I set up the system to reduce the measurement noise with
- disabling frequency scaling
- disabling Address Space Layout Randomization
- setting
scaling_governor
toperformance
- using
cpuset
to isolate the benchmark on an own core - setting a niceness of -20
- using a headless system with a minimal amount of processes running
Then I started out with the ScanWrite256PtrUnrollLoop
benchmark of the pmbw - Parallel Memory Bandwidth Benchmark / Measurement program:
pmbw -f ScanWrite256PtrUnrollLoop -p 1 -P 1
The inner loop can be examined with
gdb -batch -ex "disassemble/rs ScanWrite256PtrUnrollLoop" `which pmbw` | c++filt
It seems that this benchmark creates a "stream" of vmovdqa
Move Aligned Packed Integer Values AVX256-instructions to saturate the CPU's memory subsystem
<+44>:
vmovdqa %ymm0,(%rax)
vmovdqa %ymm0,0x20(%rax)
vmovdqa %ymm0,0x40(%rax)
vmovdqa %ymm0,0x60(%rax)
vmovdqa %ymm0,0x80(%rax)
vmovdqa %ymm0,0xa0(%rax)
vmovdqa %ymm0,0xc0(%rax)
vmovdqa %ymm0,0xe0(%rax)
vmovdqa %ymm0,0x100(%rax)
vmovdqa %ymm0,0x120(%rax)
vmovdqa %ymm0,0x140(%rax)
vmovdqa %ymm0,0x160(%rax)
vmovdqa %ymm0,0x180(%rax)
vmovdqa %ymm0,0x1a0(%rax)
vmovdqa %ymm0,0x1c0(%rax)
vmovdqa %ymm0,0x1e0(%rax)
add $0x200,%rax
cmp %rsi,%rax
jb 0x37dc <ScanWrite256PtrUnrollLoop(char*, unsigned long, unsigned long)+44>
As a similar benchmark in Julia I came up with the following:
const C = NTuple{K,VecElement{Float64}} where K
@inline function Base.fill!(dst::Vector{C{K}},x::C{K},::Val{NT} = Val(8)) where {NT,K}
NB = div(length(dst),NT)
k = 0
@inbounds for i in Base.OneTo(NB)
@simd for j in Base.OneTo(NT)
dst[k += 1] = x
end
end
end
When investigating the inner loop of this fill!
function
code_native(fill!,(Vector{C{4}},C{4},Val{16}),debuginfo=:none)

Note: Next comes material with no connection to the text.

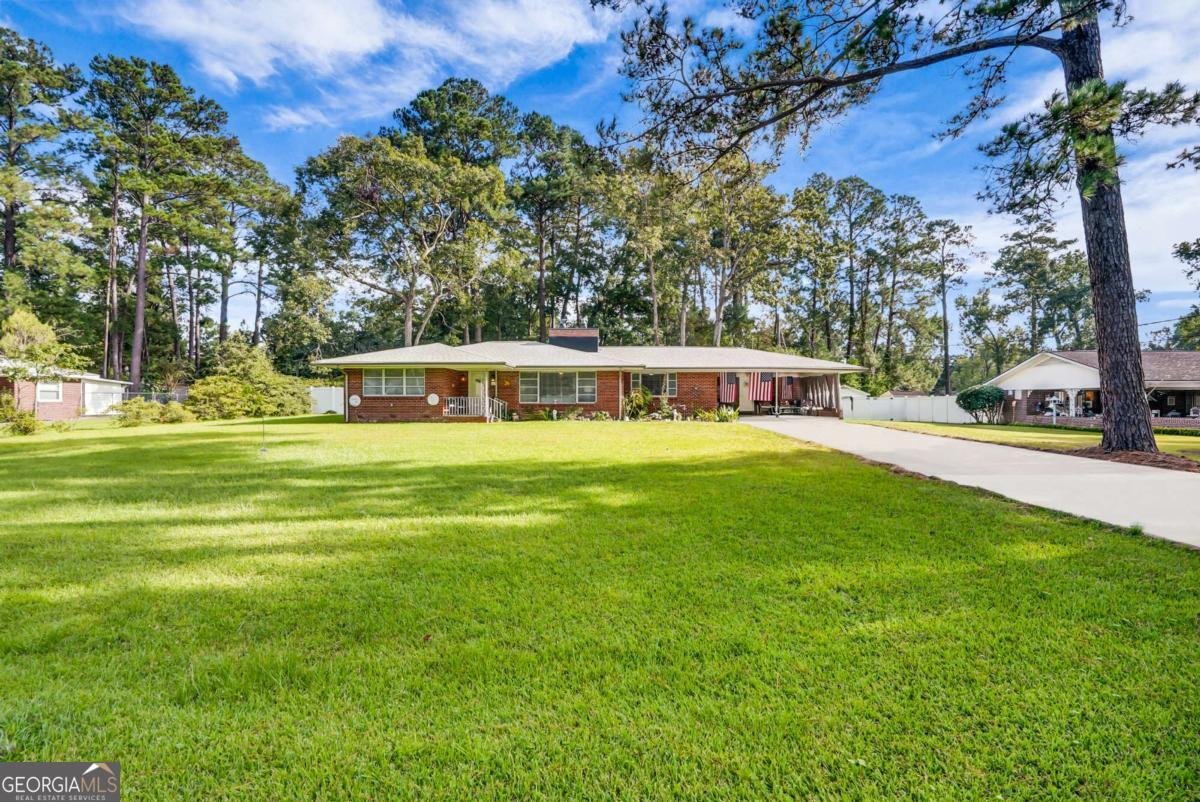 97 Azalea Avenue Garden City - main photo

we can see that this also creates a similar "stream" of vmovups
Move Unaligned Packed Single-Precision Floating-Point Values instructions:
L32:
vmovups %ymm0, -480(%rcx)
vmovups %ymm0, -448(%rcx)
vmovups %ymm0, -416(%rcx)
vmovups %ymm0, -384(%rcx)
vmovups %ymm0, -352(%rcx)
vmovups %ymm0, -320(%rcx)
vmovups %ymm0, -288(%rcx)
vmovups %ymm0, -256(%rcx)
vmovups %ymm0, -224(%rcx)
vmovups %ymm0, -192(%rcx)
vmovups %ymm0, -160(%rcx)
vmovups %ymm0, -128(%rcx)
vmovups %ymm0, -96(%rcx)
vmovups %ymm0, -64(%rcx)
vmovups %ymm0, -32(%rcx)
vmovups %ymm0, (%rcx)
leaq 1(%rdx), %rsi
addq $512, %rcx
cmpq %rax, %rdx
movq %rsi, %rdx
jne L32
Now, all these benchmarks somehow show the different "performance-plateaus" for the three caches and the main memory:
but interestingly, they are all bound to around 11 GB/s for bigger test sizes:
using multiple threads and (re)activating the frequency scaling (which doubles the CPU's frequency) has an impact on the smaller testsizes but does not really change these findings fort the larger ones.